Dia. Sungguh aku berterimakasih pada tuhan karena telah
membuat dia jatuh pada takdirku, takdir untuk bertemu dan akhirnya aku jatuh
cinta. Perjalanannya sangat mudah, tiba-tiba saja perasaan ini ada. Aku tidak
memesan apalagi sengaja mencari-cari agar aku bisa mencintainya. Cinta ini
muncul seinstan ketika kalian memakan permen dan lalu terasa manis.
Aku jatuh pada setiap ayat-ayat senyumannya yang dia
lemparkan pada semua orang. Aku sungguh-sungguh jatuh cinta padanya. Caranya
merendahkan suara ketika sedang bicara denganku, sungguh sangat menawan. Bicara
yang penuh dengan kebahagiaan.
Sungguh aku sangat mencintainya, aku seperti seorang adam
yang jatuh cinta pada hawa. Hari-hariku menjadi indah setelah mencintainya,
mata kuliah di empat dinding kelas yang sangat membosankan menjadi taman bunga
yang ditiup angin musim semi. SC yang menjenuhkan menjadi sangat mengasyikan
karenanya. Dia yang menaburkan bunga-bunga di guguran-guguran hatiku.
Aku memulai hari dengannya dan mengakhiri hari dengannya
pula. Setiap hari aku sempatkan menulis beberapa kalimat hanya untuk
menceritakannya. Lalu menutup mata dengan do’a yang juga ada namanya.
Lantas apakah dia mencintaiku?
Tidak. Dia tidak mencintaiku.
Dia mencintai seseorang yang lain. Dia mencintai malam yang
berhiaskan lampu-lampu romantis. Dia mencintai bulan. Dia mencintai freeport.

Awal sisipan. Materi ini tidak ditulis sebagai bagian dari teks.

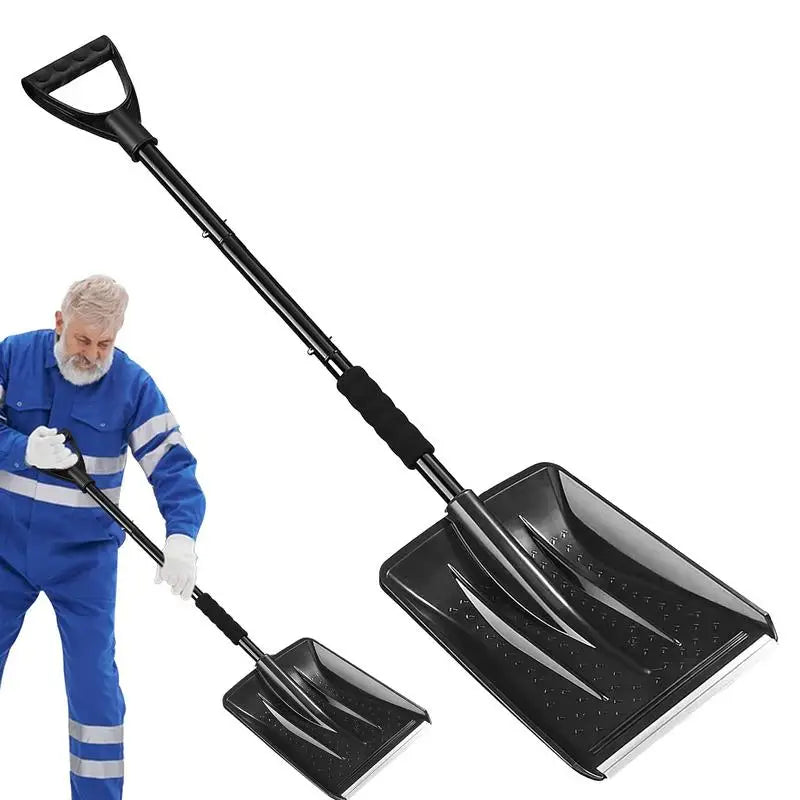 Snow Shovel For Driveway - Tool Traction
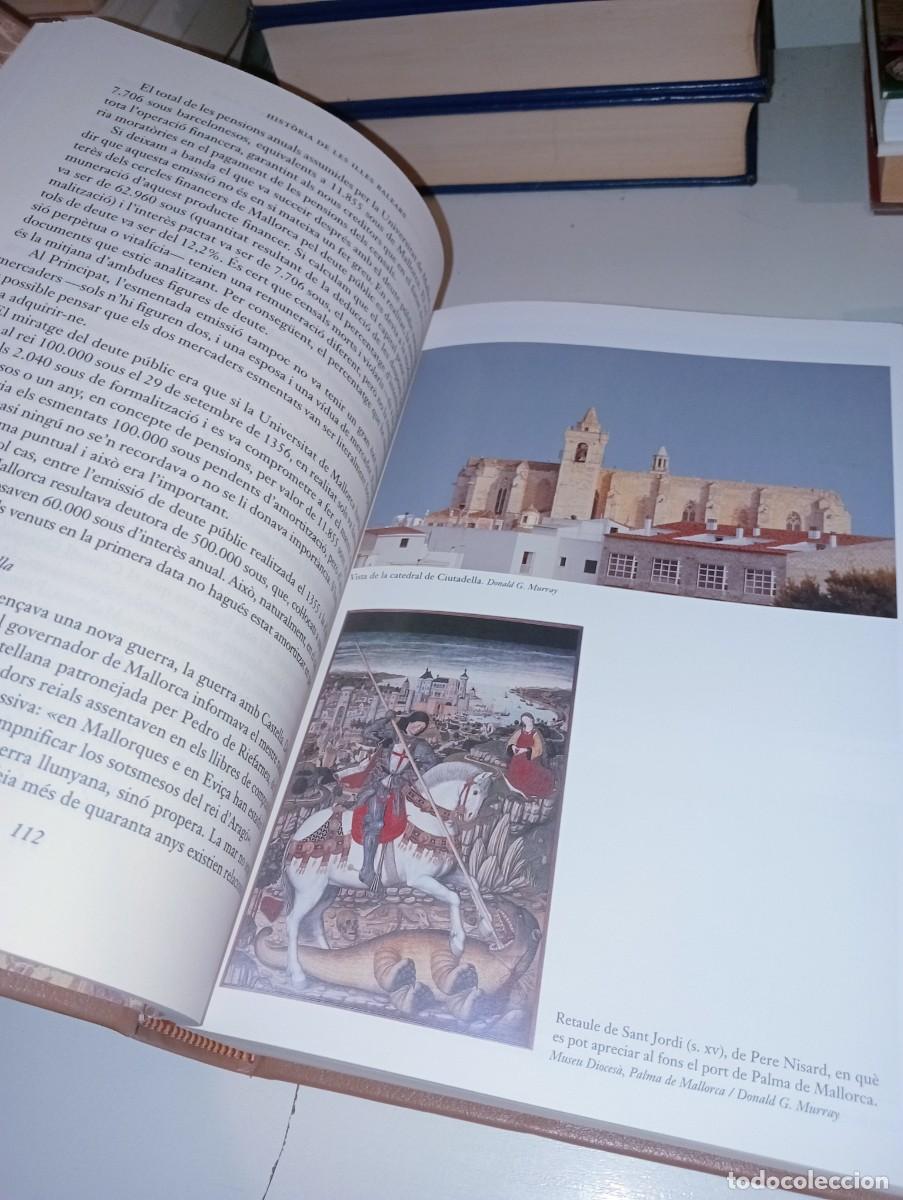 Libros de segunda mano: Historia de les illes Balears - Foto 6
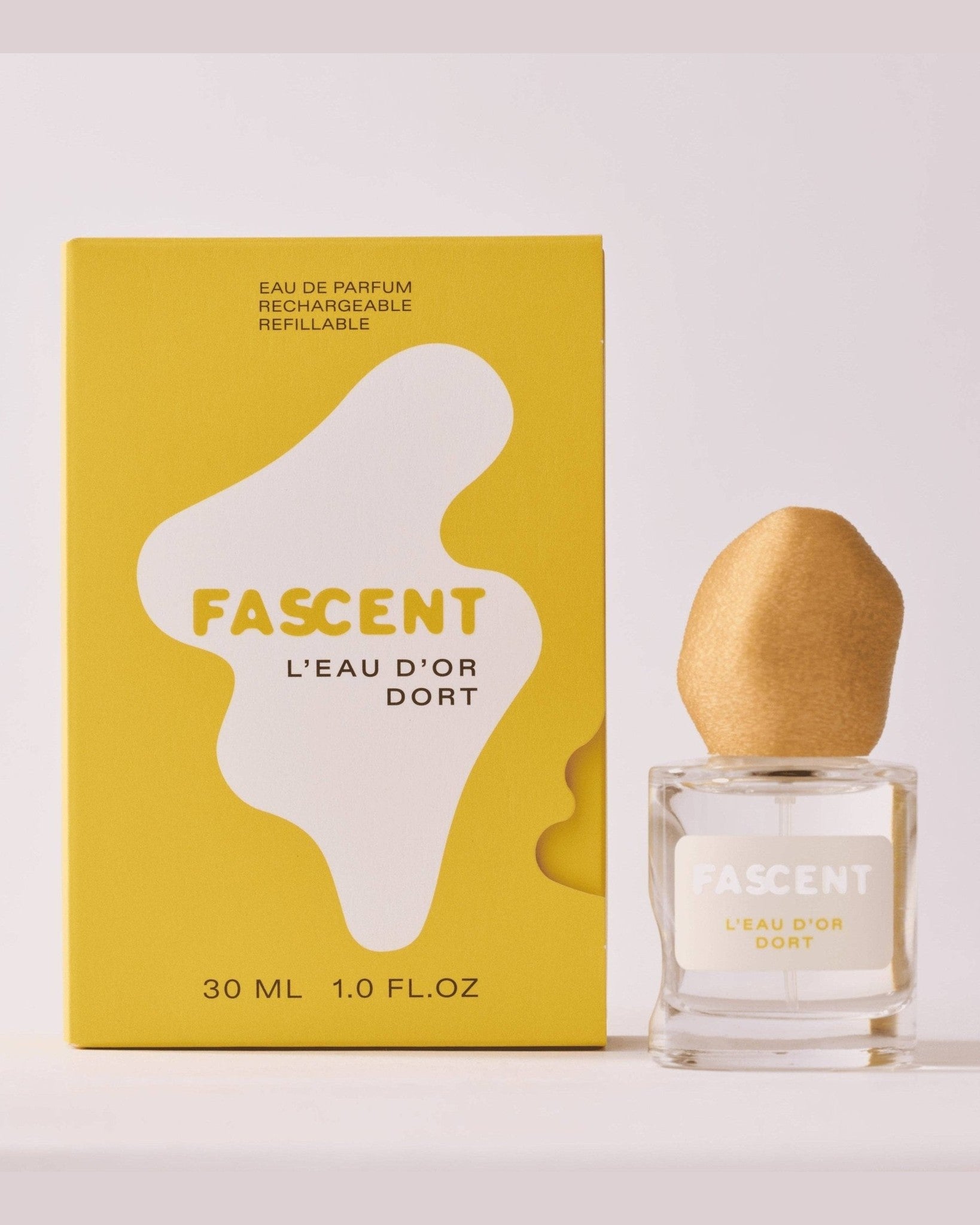 L'EAU D'OR DORT - Fascent - FABLAB AB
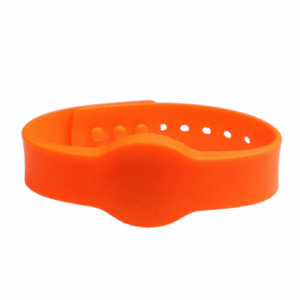 RFID Waterproof Adjustable Wristband 13.56MHz Silicone - Hospitality Enviro Tech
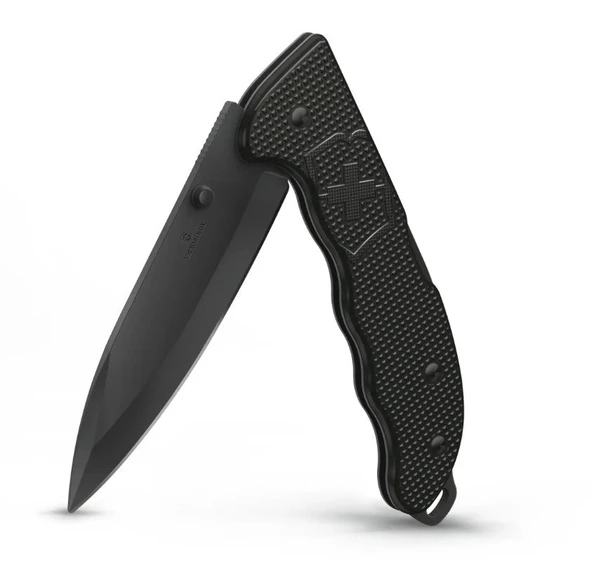 VICTORINOX 0.9415.DS23 Evoke BS Alox Çakı Siyah - 8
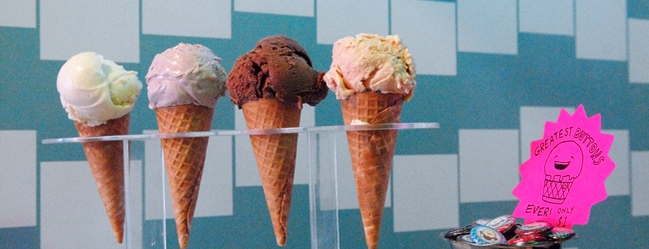 Little Baby's Ice Cream Shop is one of Philly's Best Ice Cream Shops.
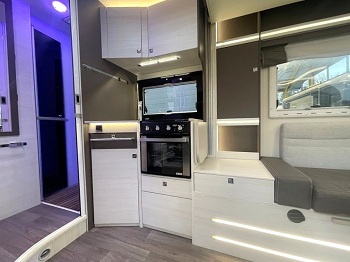 Chausson Welcome 630 - Automatic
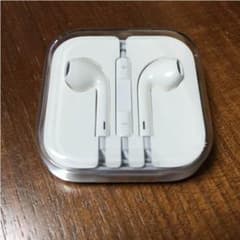 iPhone純正イヤホンのサムネイル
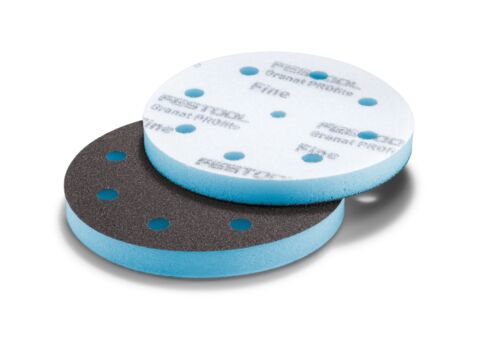 Schleifmittel Granat PROfile D125 F GR PRO/10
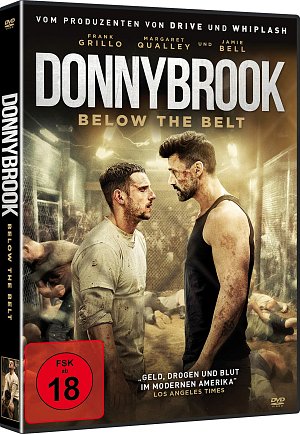 Donnybrook - Below the Belt [DVD]
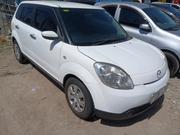 Mazda Verisa 2014 White for sale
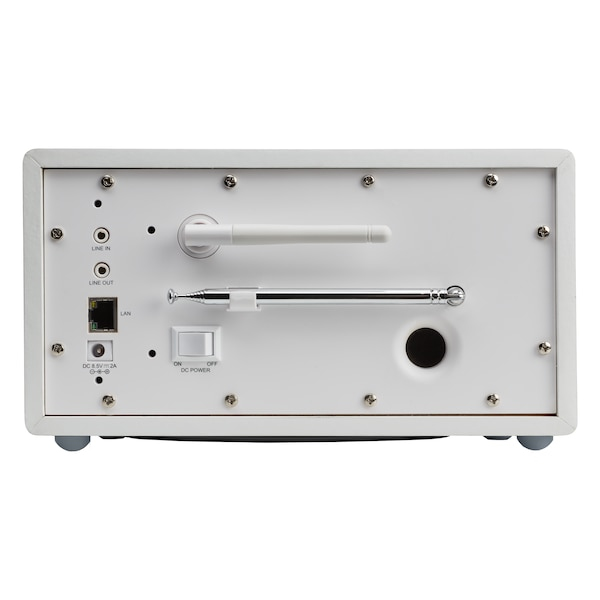 MEDION P85166 Internet Digital White – image 4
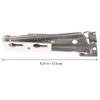 1 Pair Sofa Cabinet Lift-Up Hinge Flap Support With Adjustable Opening Furniture Hardware Cabinet Triangular Spring Hinge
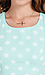 Open Back Polka Dot Dress Thumb 4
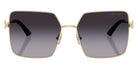 Jimmy Choo JC4031B 30068G 56 - Pale Gold / Gray Gradient #id:jc4031b30068g_s:106100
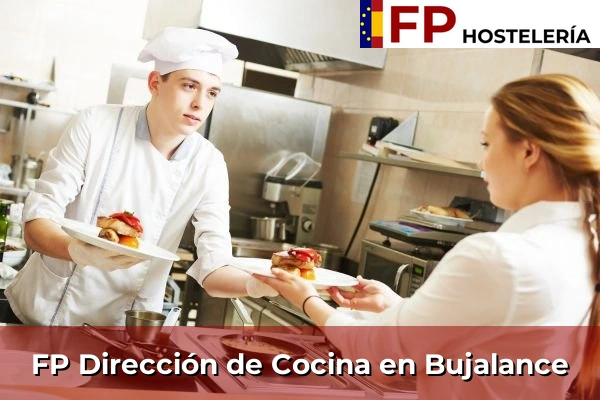 FP Dirección de Cocina en Andalucía 68 FP Dirección de Cocina en Bujalance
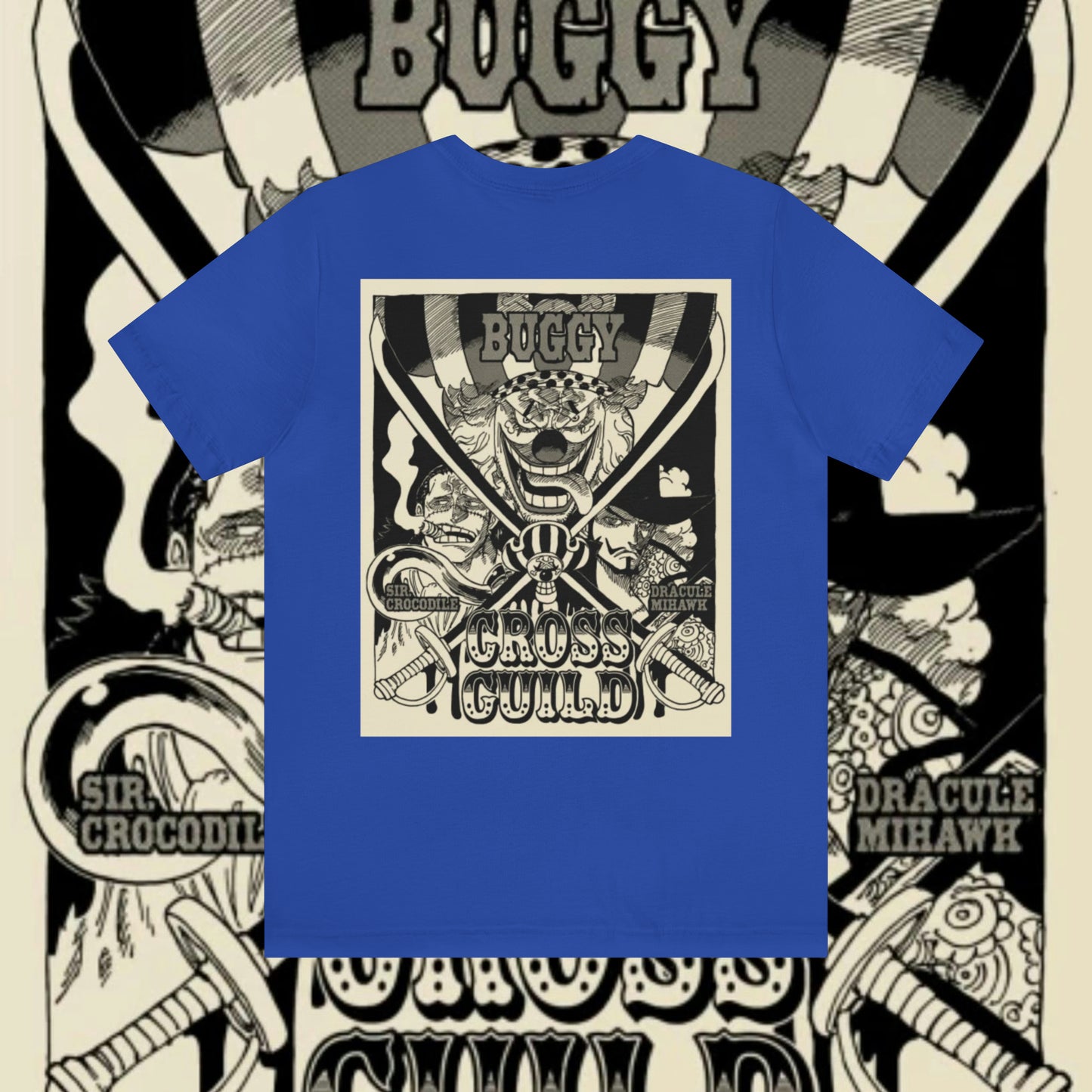 Buggy Jersey Short Sleeve Tee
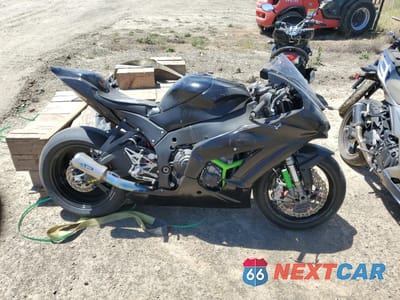 2016 KAWASAKI ZX1000 R JKAZXCR17GA000396 - główne zdjęcie licytacji z USA - miniatura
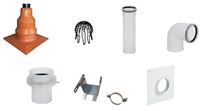 Autre photo du produit KIT C9 RACC80/125 80PPA BRIQ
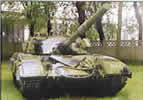 T-64 tank w/125mm gun
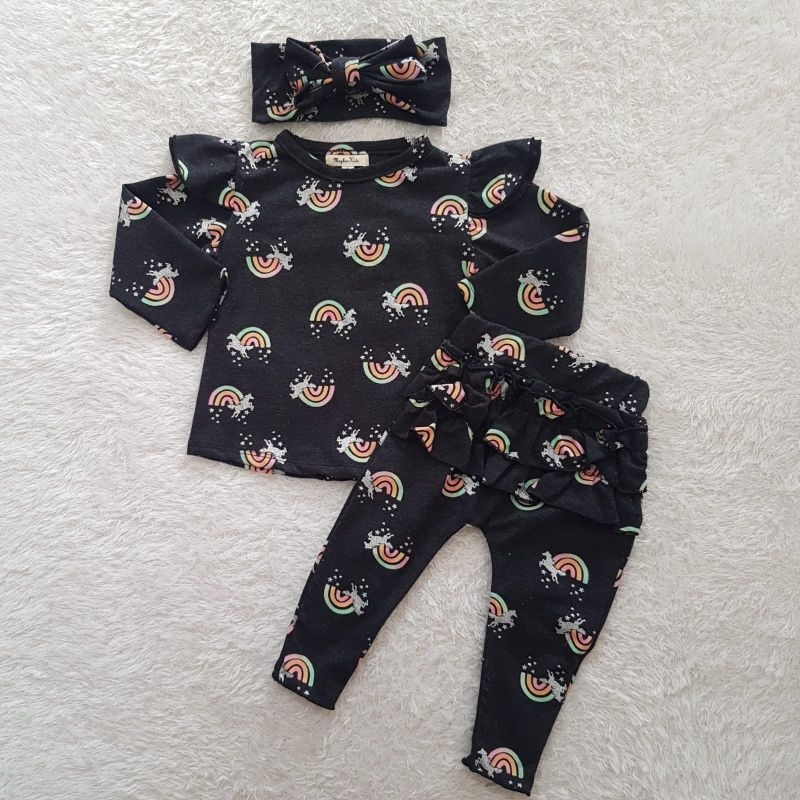 SETELAN BAYI GIANA SET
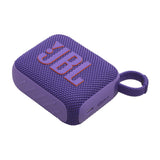JBL Go 4 Bærbar mono højttaler Lilla 4,2 W
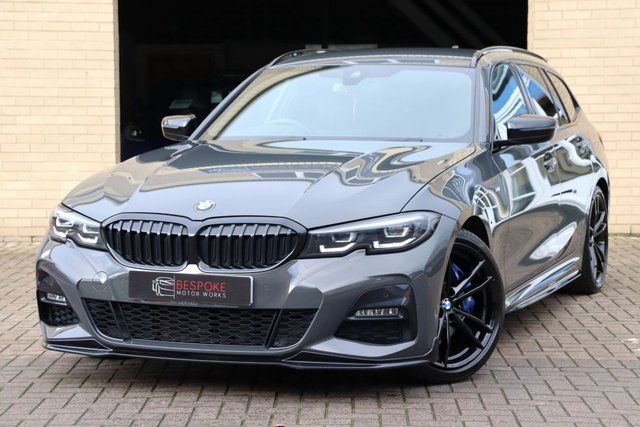 Bespoke Motor Works LTD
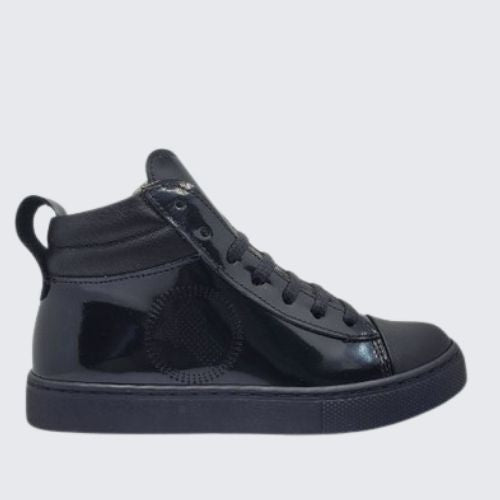 TT KIDS JESSICA  BLACK FLEECE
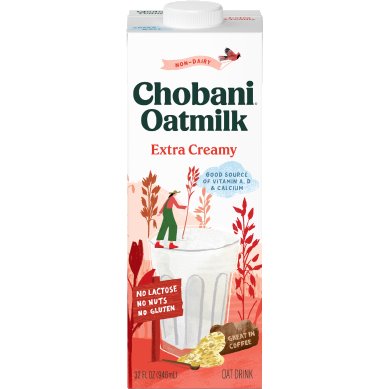 Califia Farms Oatmilk Extra Creamy 48oz Bottle thumbnail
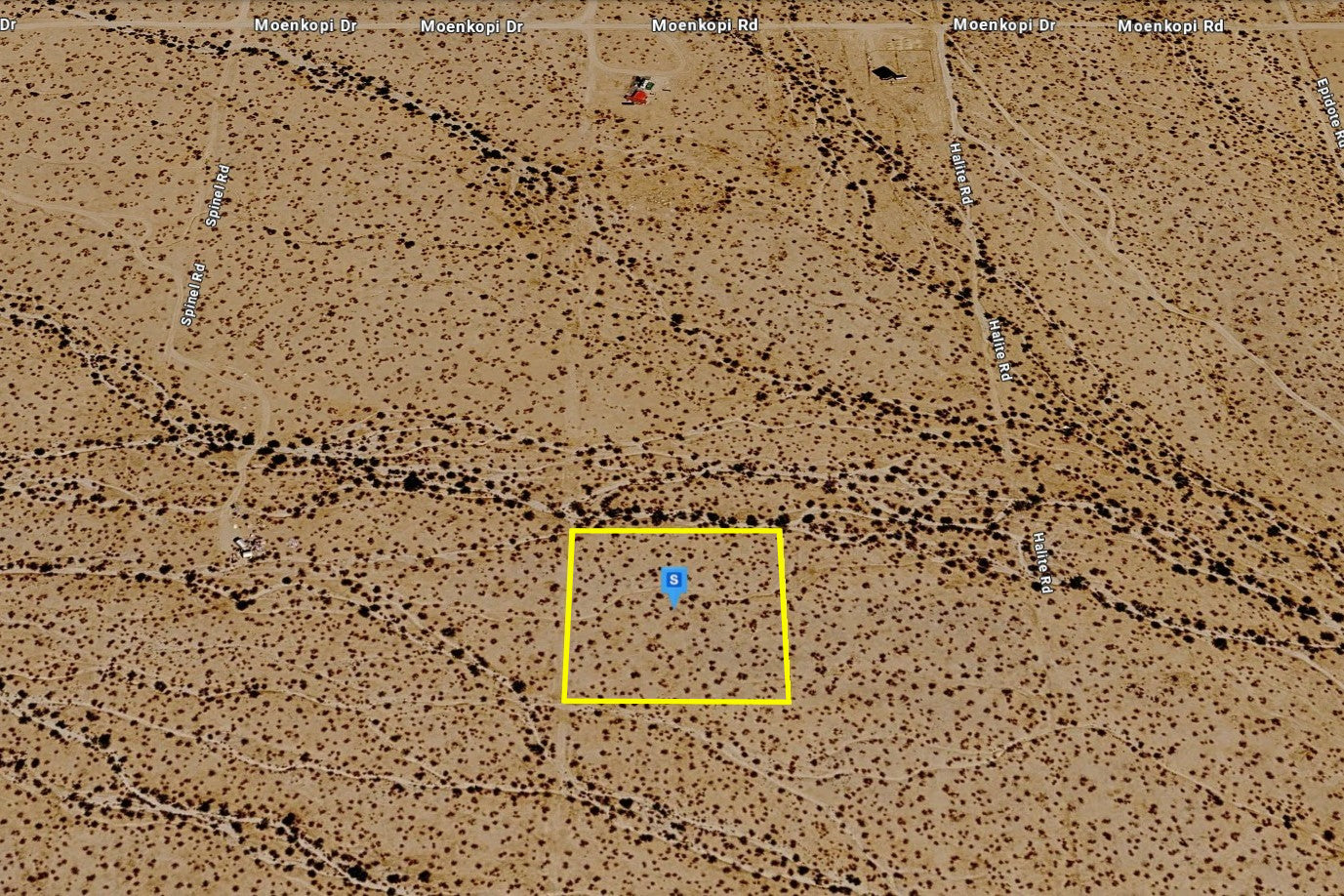 2.35 Acres Golden Valley, Mohave County, AZ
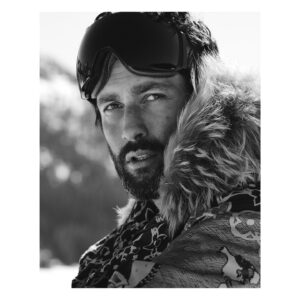Noah Mills Instagram - Winter is coming 🌬🏔@vman w 📷@blairgetzmezibov 👔 @grantwoolhead and 🖊@thekevinponce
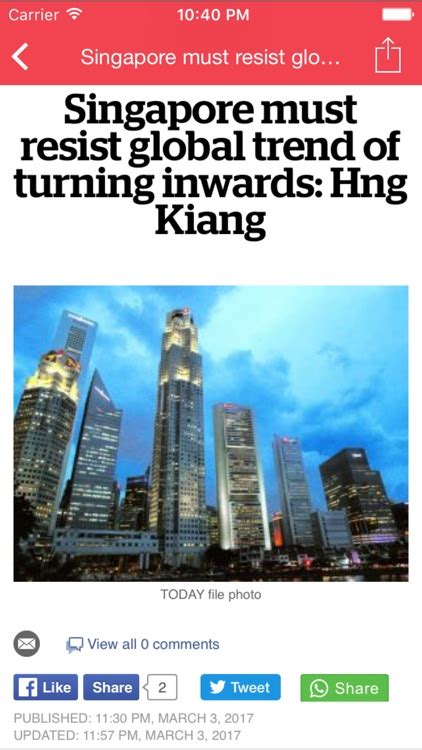 singspore|singapore breaking news.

Dia mencintai riuh penonton di stadion. Dia mencintai minyak di perut bumi. Dia
mencintai pisau. Dia mencintai sebuah majalah. Dia mencintai jarak tempuh yg
cepat. Dia mencintai gombalan. Dia mencintai kapas berduri. Dia mencintai musim
durian di musim dingin. Dia mencintai orang-orangan sawah. Dia mencintai
kedinginan.
Sementara aku hanya air yang terlarut manis garam. Putihnya
kecap. Jingganya darah. Ramahnya polisi pertigaan cicadas dan hal-hal lain yang
lebih buruk dari itu.
Namun, aku sadar. Hati itu bukan masalah pantas tidak
pantas. Tapi nyaman tidak nyaman.
Namun, aku sadar. Seharusnya aku mampu membeli, bukan hanya
bermimpi. Sekarang, aku hanya sedang tidak punya dinar yg cukup dan itu membuat
aku tidak bisa membeli kesempatan. Esok atau lusa, jika ilmuku sudah cukup
untuk memapankan, akan ku beli kesempatan itu dengan cara yg sama, seperti yang
sedang aku pelajari dari seseorang yang dia cintai sekarang. Akan aku lakukan
persis.
Bedanya mungkin hanya pada aku tidak akan sia-siakan orang
itu.
Karena tulus ini Cuma aku yang bisa.